▸ **Scraped caption text data**

☆ ☆ ☆ ☆ ☆ ☆ ☆

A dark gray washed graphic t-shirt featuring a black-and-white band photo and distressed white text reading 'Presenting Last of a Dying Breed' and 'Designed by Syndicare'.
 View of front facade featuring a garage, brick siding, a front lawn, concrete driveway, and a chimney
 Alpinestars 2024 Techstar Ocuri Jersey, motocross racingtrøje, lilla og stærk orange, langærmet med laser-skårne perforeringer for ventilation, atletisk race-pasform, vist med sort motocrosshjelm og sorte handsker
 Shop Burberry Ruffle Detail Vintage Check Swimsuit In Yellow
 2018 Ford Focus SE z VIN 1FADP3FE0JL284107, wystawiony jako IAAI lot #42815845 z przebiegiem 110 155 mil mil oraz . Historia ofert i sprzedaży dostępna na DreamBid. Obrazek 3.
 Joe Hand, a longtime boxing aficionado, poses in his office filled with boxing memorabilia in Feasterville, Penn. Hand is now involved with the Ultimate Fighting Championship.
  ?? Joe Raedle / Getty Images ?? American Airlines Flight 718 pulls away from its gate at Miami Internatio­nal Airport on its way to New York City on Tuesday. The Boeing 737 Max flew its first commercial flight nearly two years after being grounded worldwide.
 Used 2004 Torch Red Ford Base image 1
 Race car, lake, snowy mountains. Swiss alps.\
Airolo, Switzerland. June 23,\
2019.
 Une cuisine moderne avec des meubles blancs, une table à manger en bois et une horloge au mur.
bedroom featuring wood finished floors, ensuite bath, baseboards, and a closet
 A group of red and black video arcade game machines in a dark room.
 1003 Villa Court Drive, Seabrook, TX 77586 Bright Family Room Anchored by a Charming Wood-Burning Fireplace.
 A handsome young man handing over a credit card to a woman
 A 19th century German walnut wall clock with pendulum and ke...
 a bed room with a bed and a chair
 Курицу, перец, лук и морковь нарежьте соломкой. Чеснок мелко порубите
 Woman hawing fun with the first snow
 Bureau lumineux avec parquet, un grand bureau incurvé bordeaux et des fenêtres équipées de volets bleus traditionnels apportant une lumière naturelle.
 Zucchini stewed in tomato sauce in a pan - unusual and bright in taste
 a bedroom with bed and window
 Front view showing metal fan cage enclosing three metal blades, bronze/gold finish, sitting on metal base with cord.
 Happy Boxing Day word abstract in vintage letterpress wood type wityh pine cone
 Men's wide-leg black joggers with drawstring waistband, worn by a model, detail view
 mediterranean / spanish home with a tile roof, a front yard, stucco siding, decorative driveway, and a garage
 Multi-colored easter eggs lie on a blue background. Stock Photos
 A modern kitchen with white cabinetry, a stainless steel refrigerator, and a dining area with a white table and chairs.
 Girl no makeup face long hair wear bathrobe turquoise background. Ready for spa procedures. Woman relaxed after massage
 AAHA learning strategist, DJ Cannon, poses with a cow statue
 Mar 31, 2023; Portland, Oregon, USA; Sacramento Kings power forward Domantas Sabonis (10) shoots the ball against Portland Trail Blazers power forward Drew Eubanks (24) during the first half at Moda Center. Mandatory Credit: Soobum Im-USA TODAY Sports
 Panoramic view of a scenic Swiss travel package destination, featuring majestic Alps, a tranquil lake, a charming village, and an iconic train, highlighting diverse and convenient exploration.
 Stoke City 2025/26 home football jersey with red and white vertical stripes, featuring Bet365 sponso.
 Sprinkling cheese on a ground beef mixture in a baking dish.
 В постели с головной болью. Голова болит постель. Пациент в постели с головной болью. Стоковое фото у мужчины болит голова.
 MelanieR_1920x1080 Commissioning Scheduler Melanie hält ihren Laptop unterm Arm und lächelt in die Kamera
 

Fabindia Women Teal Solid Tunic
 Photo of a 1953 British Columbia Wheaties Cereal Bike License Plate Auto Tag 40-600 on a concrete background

☆ ☆ ☆ ☆ ☆ ☆ ☆

▸ **EXERCISE OBJECTIVE**
Reproduce the records above exactly, starting with the line that contains "AAHA learning strategist, DJ" and ending with the last line.

▸ **EXERCISE RESULT**
 AAHA learning strategist, DJ Cannon, poses with a cow statue
 Mar 31, 2023; Portland, Oregon, USA; Sacramento Kings power forward Domantas Sabonis (10) shoots the ball against Portland Trail Blazers power forward Drew Eubanks (24) during the first half at Moda Center. Mandatory Credit: Soobum Im-USA TODAY Sports
 Panoramic view of a scenic Swiss travel package destination, featuring majestic Alps, a tranquil lake, a charming village, and an iconic train, highlighting diverse and convenient exploration.
 Stoke City 2025/26 home football jersey with red and white vertical stripes, featuring Bet365 sponso.
 Sprinkling cheese on a ground beef mixture in a baking dish.
 В постели с головной болью. Голова болит постель. Пациент в постели с головной болью. Стоковое фото у мужчины болит голова.
 MelanieR_1920x1080 Commissioning Scheduler Melanie hält ihren Laptop unterm Arm und lächelt in die Kamera
 

Fabindia Women Teal Solid Tunic
 Photo of a 1953 British Columbia Wheaties Cereal Bike License Plate Auto Tag 40-600 on a concrete background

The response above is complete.